- [Work instruction] What you produce should match the records below precisely, except that images are removed.

[Stored items]
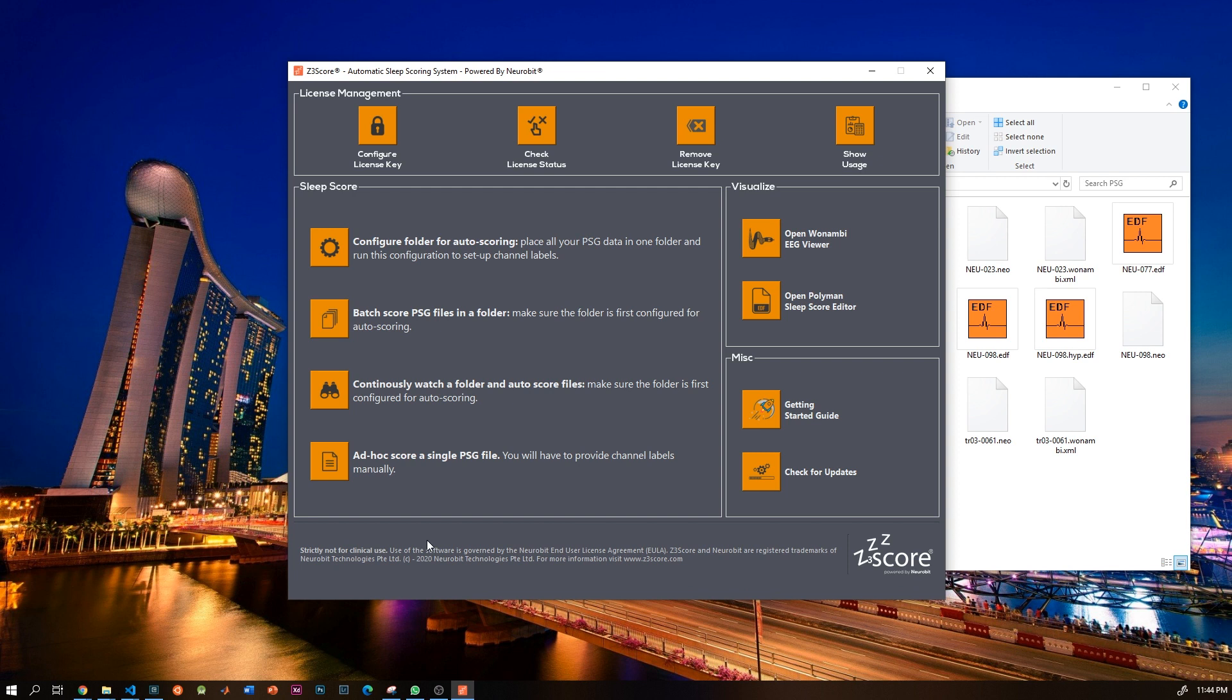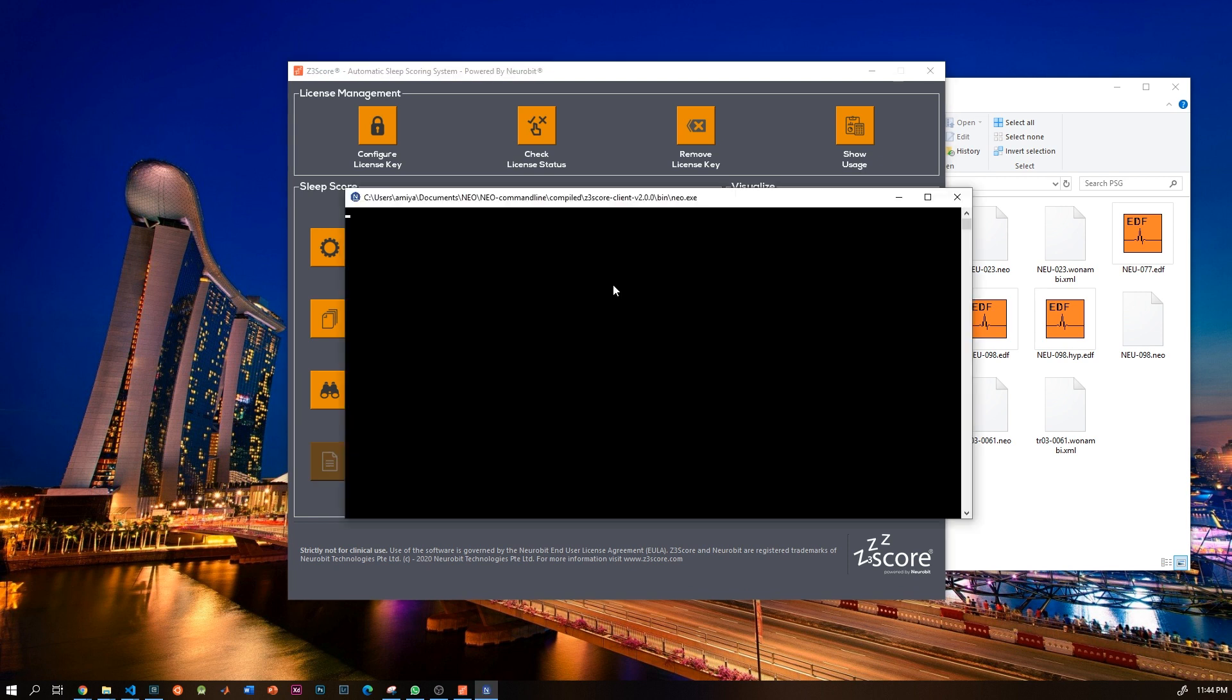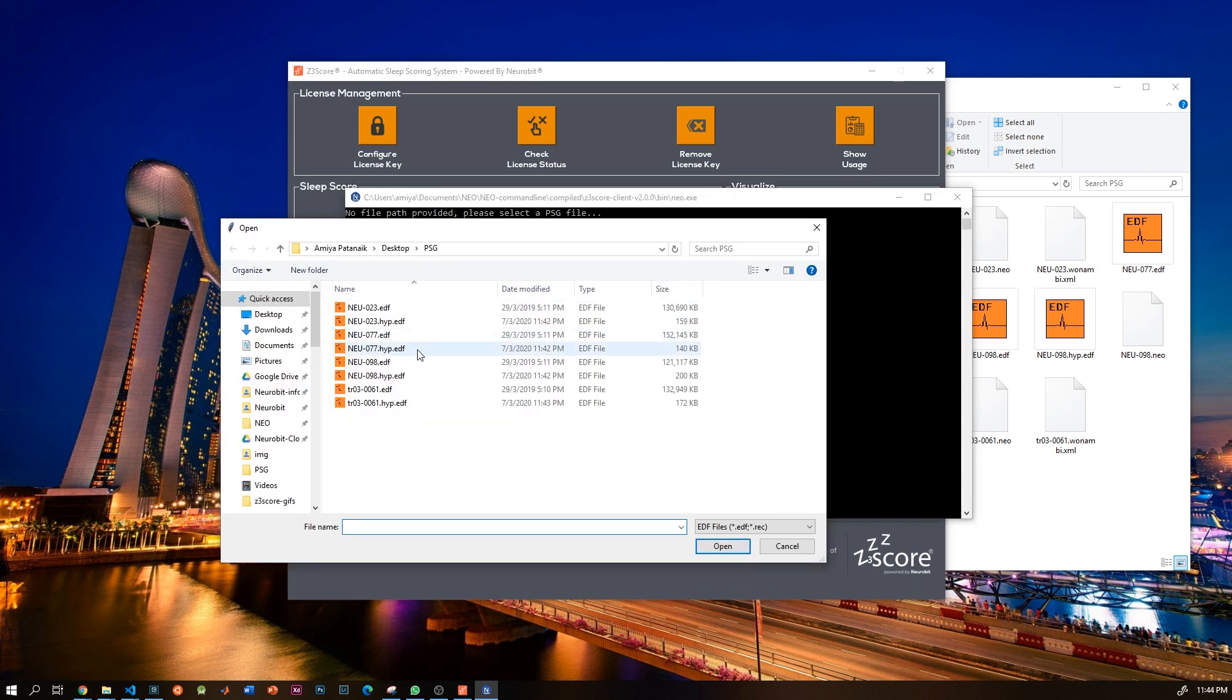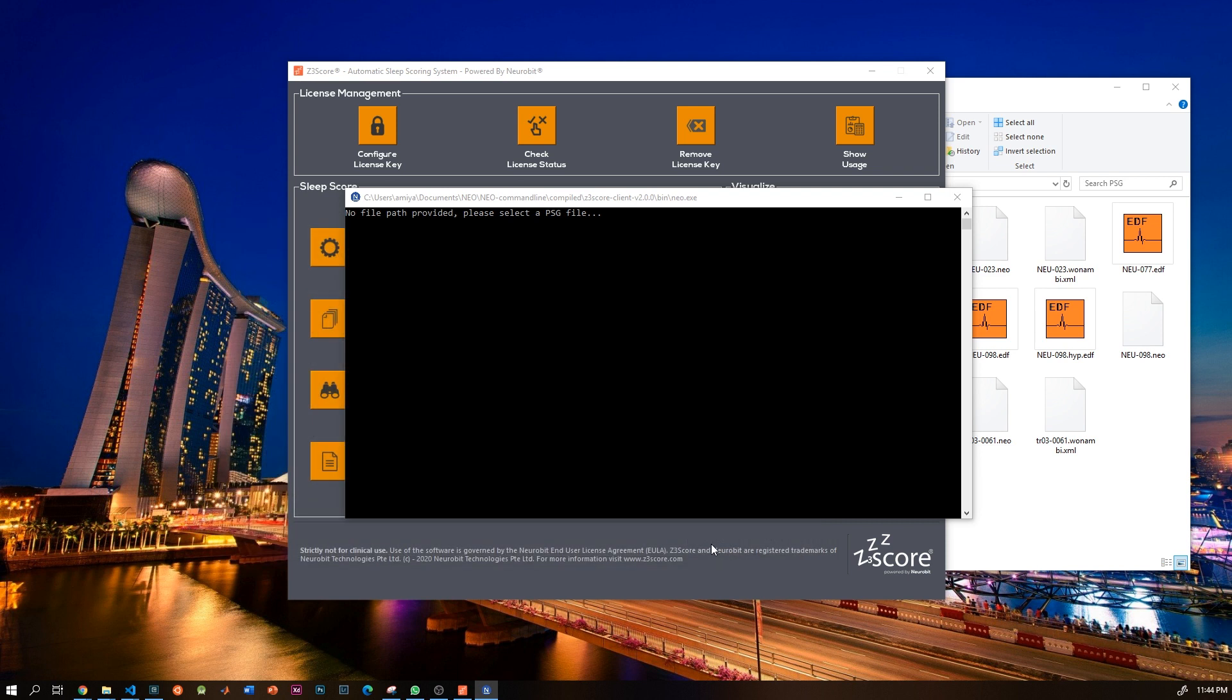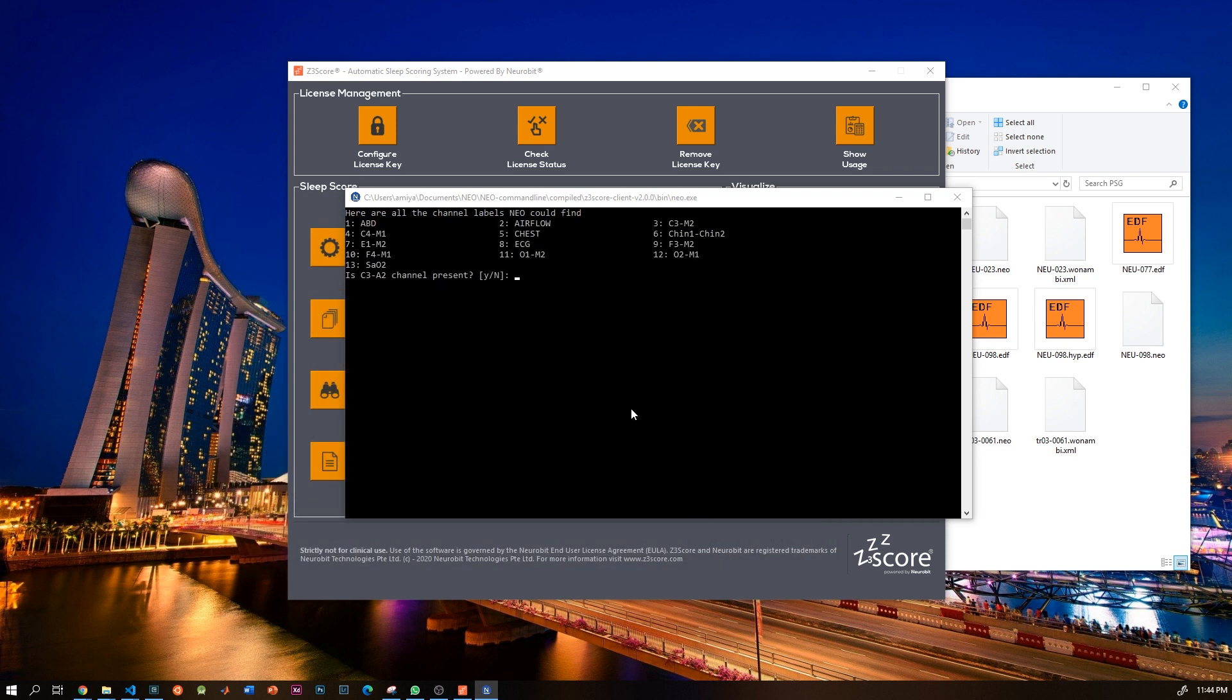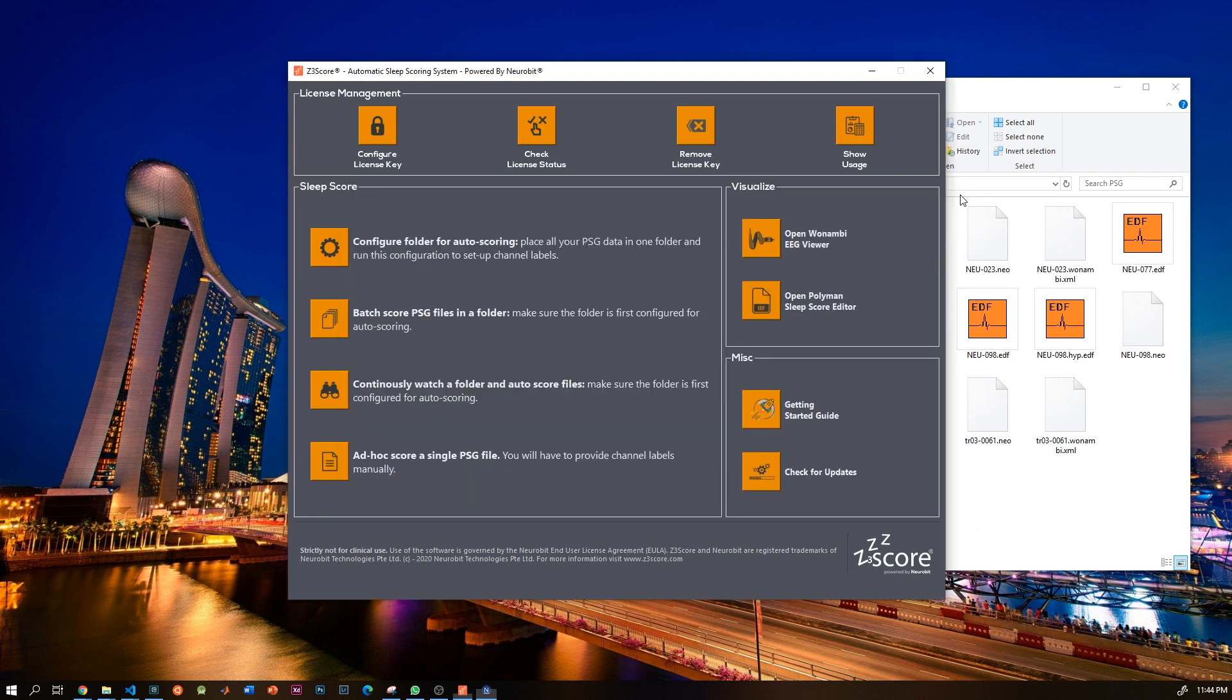Finally, you can use the ad hoc score single file to score one file at a time. If there is a channel configuration present in the same folder as the EDF file, the scoring will be automatic. Otherwise, you will have to manually select the channel labels. Now this could be very handy for ad hoc data that has inconsistent montage or channel labels, or it's maybe missing some of the channels and you do not want to create the configuration folder just for it.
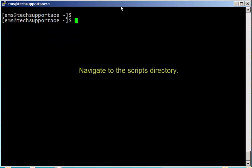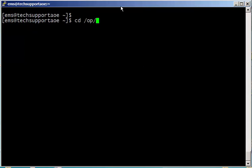Next we're going to change directory to the scripts directory, which is in the install directory. By default it's opt dorado, so cd opt dorado and then owareapps scripts.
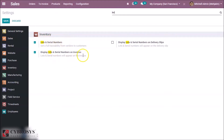We also have to activate the option 'display lots and serial number on the invoice' so that the lots and serial number of the product will be displayed in the invoice printer report. Now it is already activated.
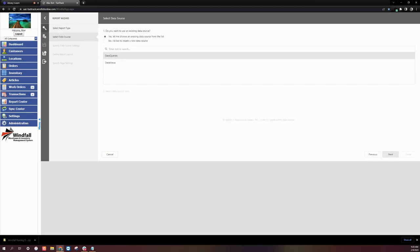Next, we'll need to select a data source or create a new data source. In this example, we will use the current inventory existing data source. Select Yes and click the Next button on the bottom right.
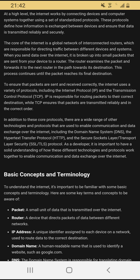In addition to IP and TCP, there are many other protocols used to enable communication and data exchange over the internet, including the Domain Name System (DNS), the Hypertext Transfer Protocol (HTTP), and the Secure Sockets Layer / Transport Layer Security (SSL/TLS) protocol. Understanding how these protocols work together enables communication with family and friends and data exchange — transactions — over the internet.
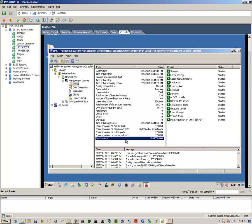So that concludes upgrading the historian version 2012 or 2012 R2 to the historian 2014, which is version 11.5. Thanks for watching.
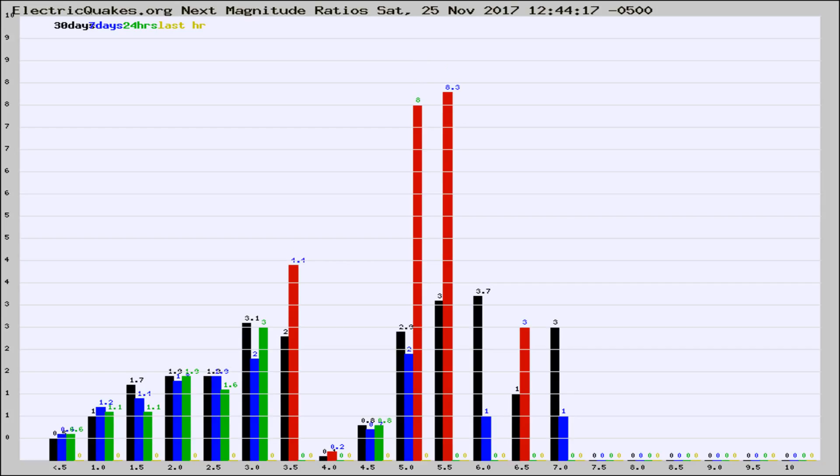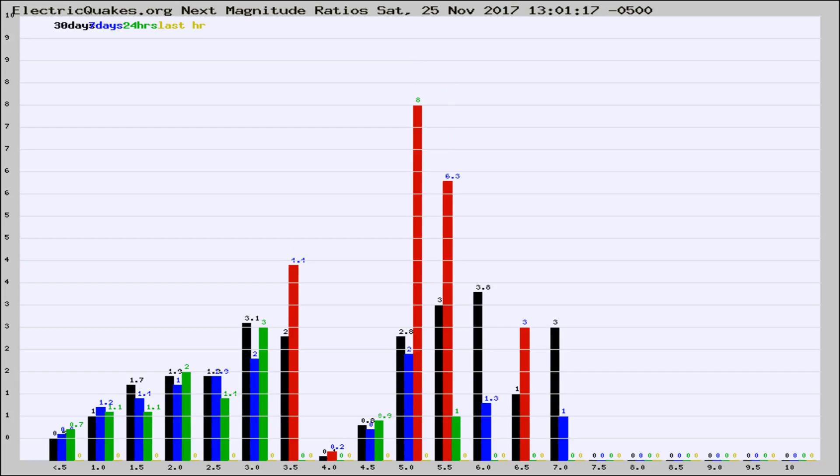the last 30 days, 7 days, 24 hours, and last hour, it may indicate something unusual happening in that area. This is worldwide.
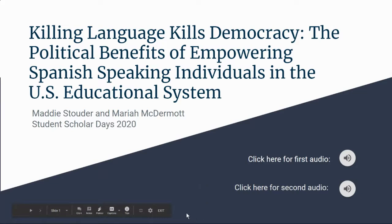Hello, and thank you for tuning in to our virtual Student Scholar Days presentation. My name is Maddie Stouter, and I am a double major in secondary English education and English liberal arts, with a minor in Spanish. I'm a junior at Adams State University, and today I will be presenting on the educational and linguistic side of empowering Spanish-speaking individuals within the U.S.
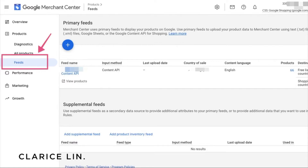That's something you want to set up on a one-time basis so you don't have to manage the product feed manually. If you're not using an automated feed and you're using Google Sheets or text files, you'll have to manually update it whenever you make product changes. I highly recommend you set up a content feed like what I have here. Once you have this set up and want to update the attribute 'identifier exists,' click on the feed name itself.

- [Exercise result]
Finally, you can use the ad hoc score single file to score one file at a time. If there is a channel configuration present in the same folder as the EDF file, the scoring will be automatic. Otherwise, you will have to manually select the channel labels. Now this could be very handy for ad hoc data that has inconsistent montage or channel labels, or it's maybe missing some of the channels and you do not want to create the configuration folder just for it.
Next we're going to change directory to the scripts directory, which is in the install directory. By default it's opt dorado, so cd opt dorado and then owareapps scripts.
We also have to activate the option 'display lots and serial number on the invoice' so that the lots and serial number of the product will be displayed in the invoice printer report. Now it is already activated.
Next, we'll need to select a data source or create a new data source. In this example, we will use the current inventory existing data source. Select Yes and click the Next button on the bottom right.
In addition to IP and TCP, there are many other protocols used to enable communication and data exchange over the internet, including the Domain Name System (DNS), the Hypertext Transfer Protocol (HTTP), and the Secure Sockets Layer / Transport Layer Security (SSL/TLS) protocol. Understanding how these protocols work together enables communication with family and friends and data exchange — transactions — over the internet.
So that concludes upgrading the historian version 2012 or 2012 R2 to the historian 2014, which is version 11.5. Thanks for watching.
the last 30 days, 7 days, 24 hours, and last hour, it may indicate something unusual happening in that area. This is worldwide.
Hello, and thank you for tuning in to our virtual Student Scholar Days presentation. My name is Maddie Stouter, and I am a double major in secondary English education and English liberal arts, with a minor in Spanish. I'm a junior at Adams State University, and today I will be presenting on the educational and linguistic side of empowering Spanish-speaking individuals within the U.S.
That's something you want to set up on a one-time basis so you don't have to manage the product feed manually. If you're not using an automated feed and you're using Google Sheets or text files, you'll have to manually update it whenever you make product changes. I highly recommend you set up a content feed like what I have here. Once you have this set up and want to update the attribute 'identifier exists,' click on the feed name itself.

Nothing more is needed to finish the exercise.